On the other end of that spectrum you have Twilight (which I read because I felt like a hypocrite criticizing it without at least trying to like it). Now I only read the first book, so you can send your hate mail to someone who cared enough to go any further than that, but I’m fairly sure there were more people in Edward’s family than there were named students at Bella’s school – pretty much because Bella only gave a damn about him. Is it realistic for a teenage girl in the stranglehold of young love? Maybe, sure – I like to think they’re at least slightly less myopic than that. Is it realistic for a 500 page book that isn’t adhering strictly to a minimalist style? I’m gonna go with no.

But I’m thinking 78 is a pretty good number in the middle. I don’t think I would count a character who I only intended to show up in the prologue. I don’t think I’d count a character who was specific to a role – in the same way as I wouldn’t count the attendant at a gas station I only visited once as being in my Monkeysphere, and chances are good I only remember his name because of the name tag. And some characters are really only around to deliver a line. Seriously, can you remember the terrified screaming face of the guy who screamed, “It’s Godzilla!”

But you remember when Christopher Walken shows up for five minutes in the middle of the movie & does something awesome because . . . it was probably awesome. Seriously, that guy is everywhere.
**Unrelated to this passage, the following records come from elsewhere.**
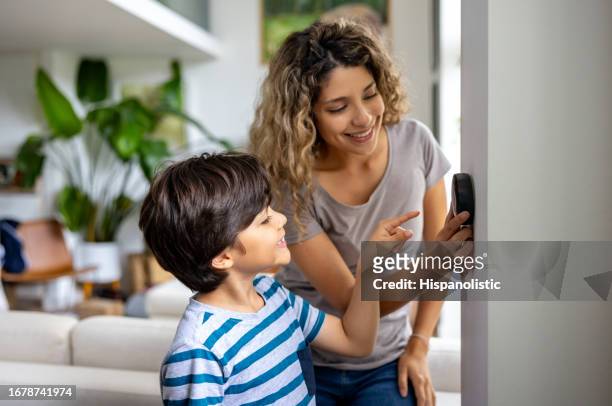 mother and son at home using a smart thermostat - bijstellen stockfoto's en -beelden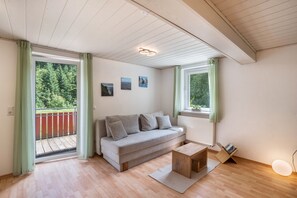 A room with a sofa, a coffee table, a radiator, and a window with curtains.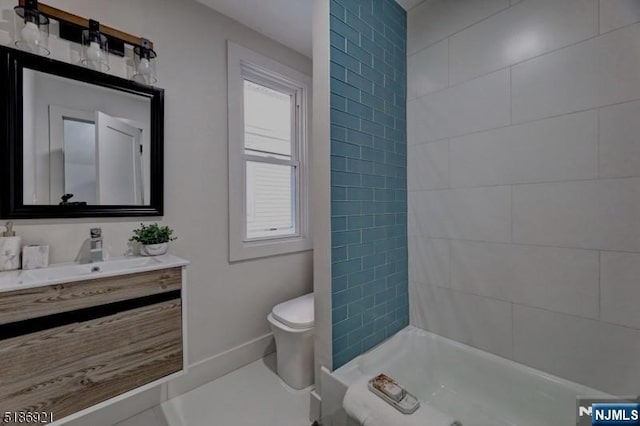46 Rutgers Pl, Passaic, NJ 07055 - full bathroom with vanity, toilet, shower / washtub combination, and baseboards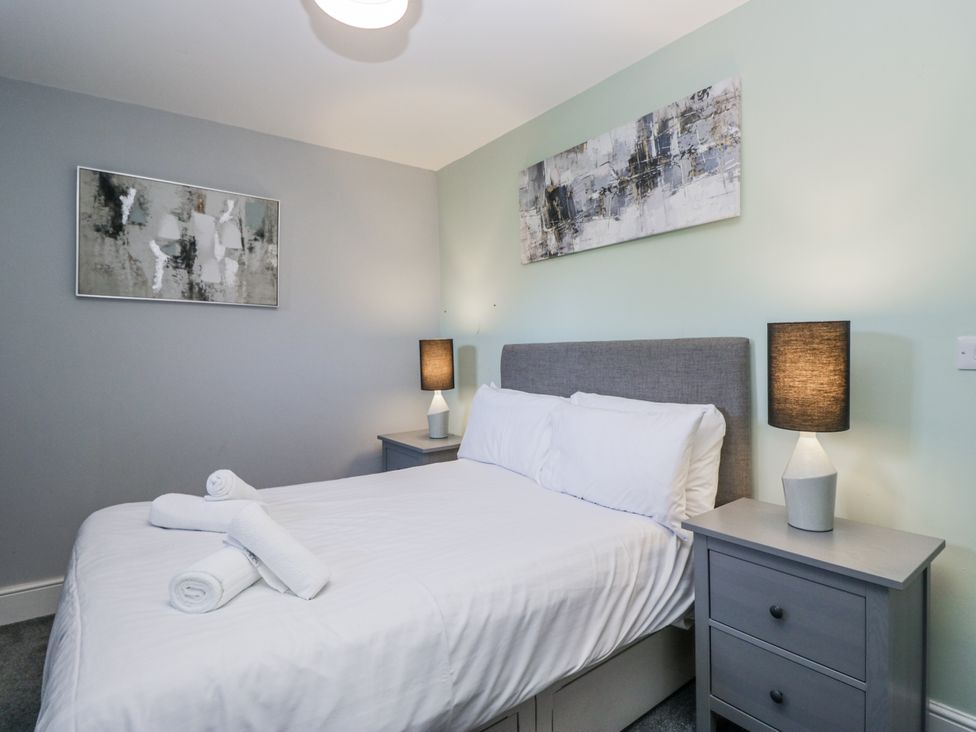 A bedroom with a bed and bedside tables at Clarence House in Dalton-In-Furness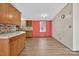 Bright kitchen features wood cabinets, mosaic backsplash, and wood floors at 2611 Dallas Stanley Hwy, Stanley, NC 28164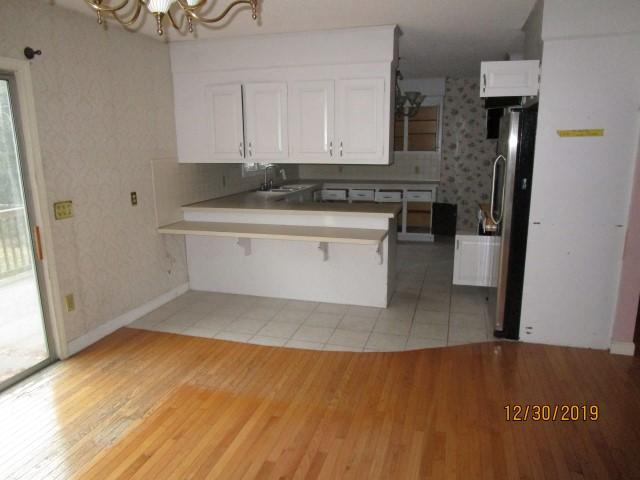 175 Woodside Road, Unit W00 West Barnstable, MA 02668 - Photo 3 of 22 a kitchen with granite countertop a stove a sink and a refrigerator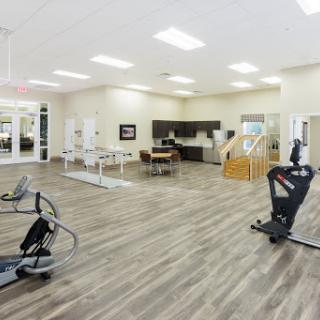A spacious and modern fitness area equipped with various exercise machines.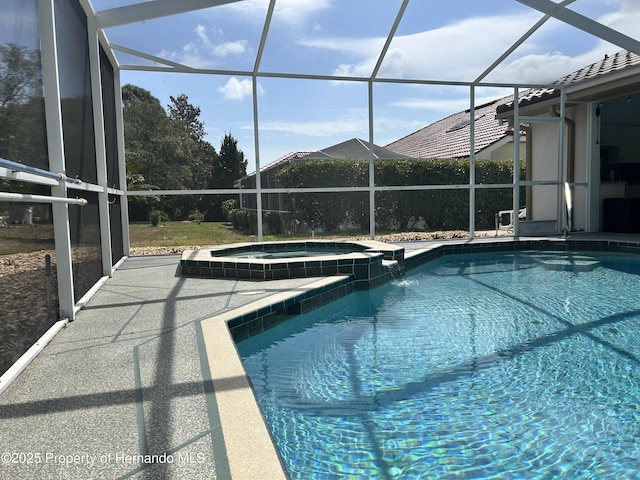 10519 Audie Brook Dr, Spring Hill, FL 34608 - view of pool featuring a pool with connected hot tub, a lanai, and a patio area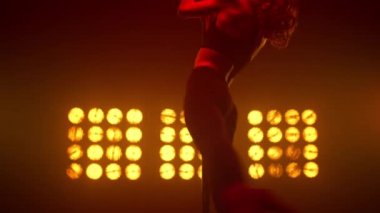 Gece kulübü sahnesinde akrobatik elementler dansı yapan kız dansçı..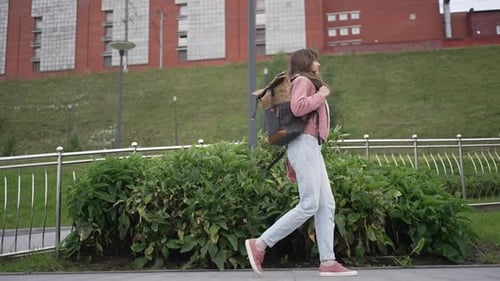 Female Student Confidently Walking on Campus Sidewalk Carrying Backpack While Heading Toward
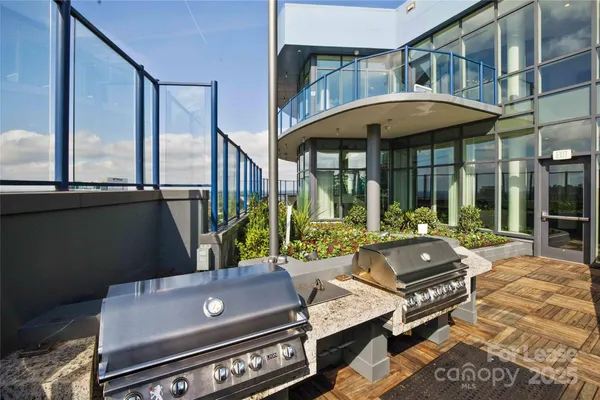 a living room filled with furniture and large windows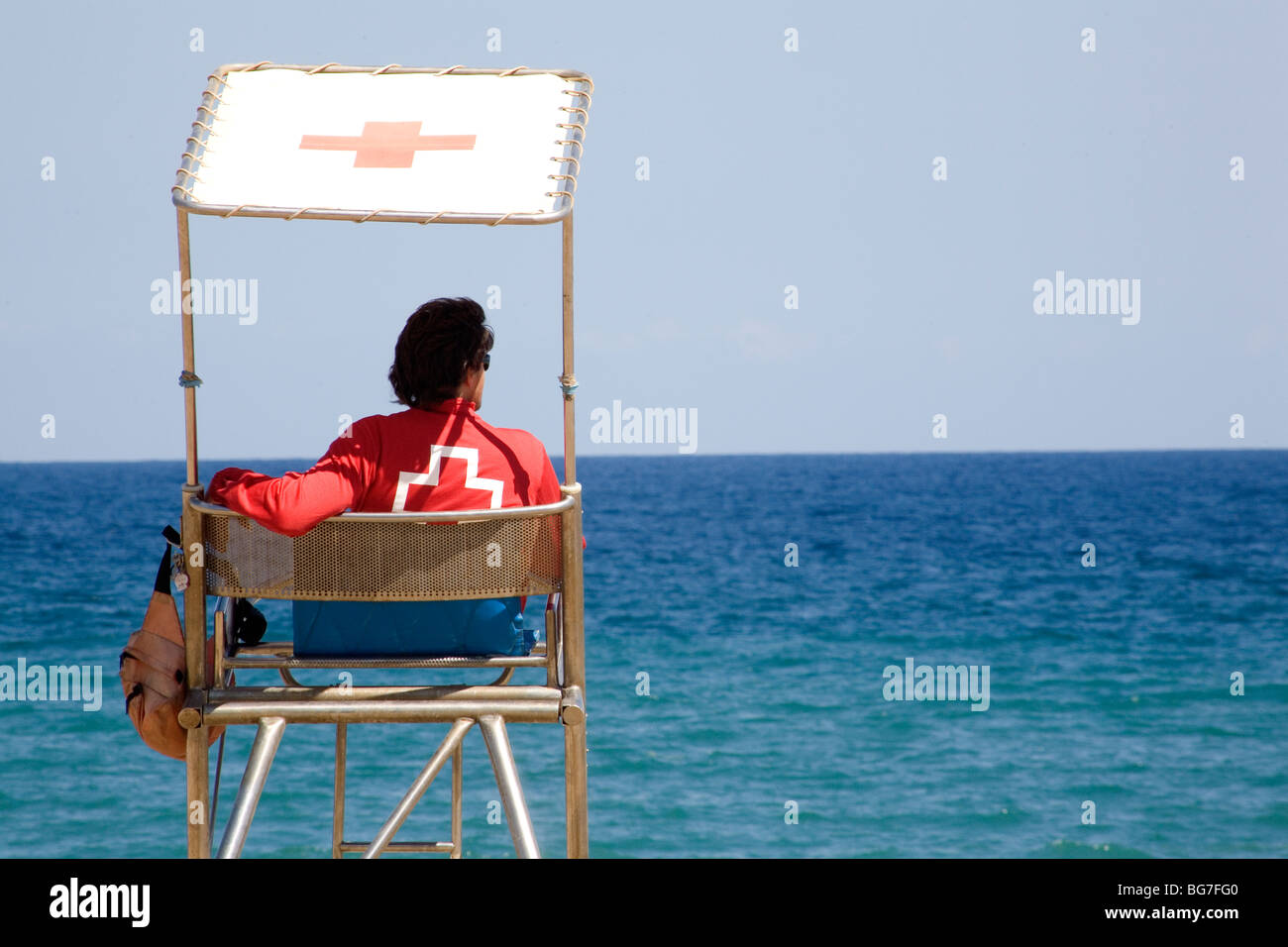 LIFEGUARD, BARCELONA: Beach lifeguard sat watching the beach Barceloneta sea Barcelona Spain Stock Photo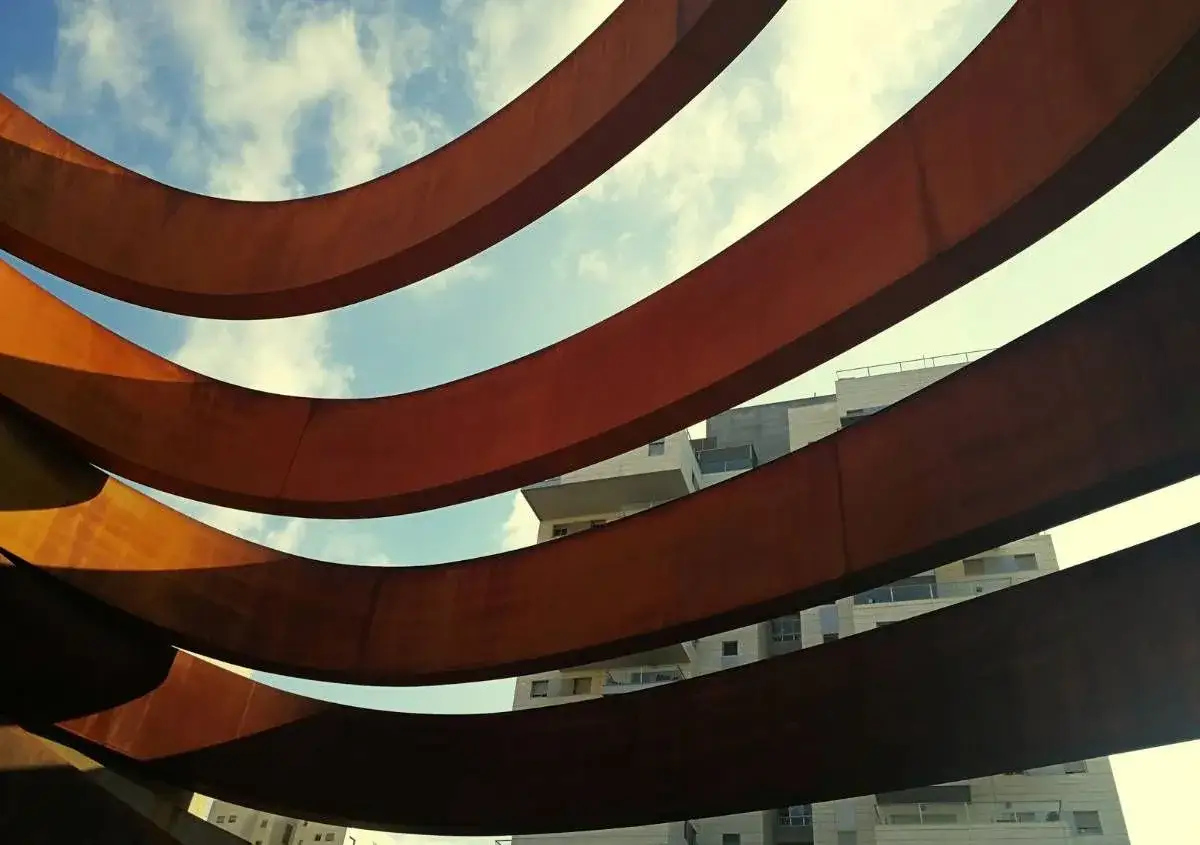 Struttura curva in corten materiale, con edifici moderni sullo sfondo e cielo azzurro con nuvole.
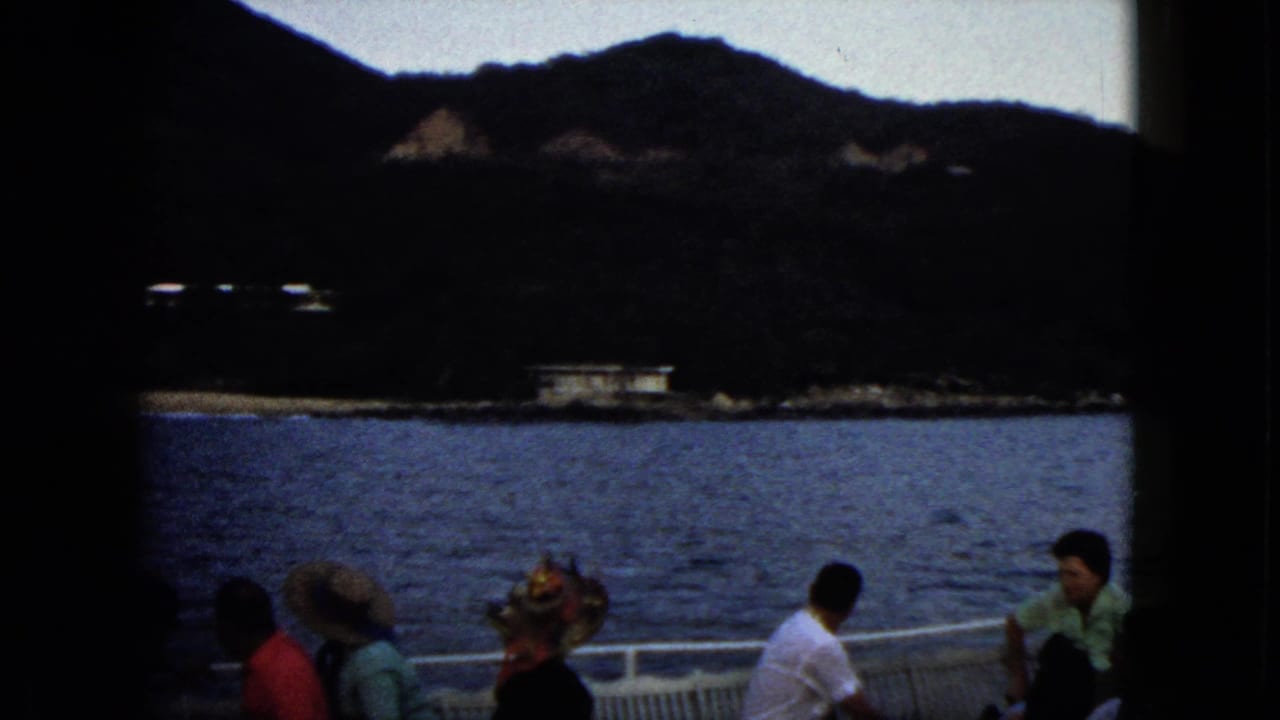Passengers seated beside a boat rail with blue water, shoreline buildings, and mountains behind them.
A Tarot deck is sectioned off into four suits of 14 cards each, called the minor arcana, & 22 (or 21+1 if you count the fool separately) major arcana. In a slightly stricter sense than I intend to limit myself, this would mean that I oughtn’t have more than 22 characters directing the plot in a major way at any given time, although that does sound like it might be a bit too many now that I think about it.

Admittedly the first Wheel of Time novel The Eye of the World had 410 characters, & it was actually quite good, but then again that does include several who died rather quickly & little things like the names that different societies have for the Devil. 2300 different names might not actually include 2300 characters, but I think it balances out against the ability to recognize which of the 73 or so guys named Benjamin I know when someone mentions “Ben” in a sentence. Or you can count it against the fact that, unless I’m mistaken, 2300 doesn’t actually include place names.

So I think this is a pretty reasonable limit, at least for characters I intend to recur throughout a plot. And I may decide to break it at some later point, but keeping the number in mind is a worthwhile goal. But what’s more important is remembering that my audience can only be expected to remember a certain number of characters, & that if I include too many, I run the risk of causing them unnecessary confusion or losing their interest. Your thoughts?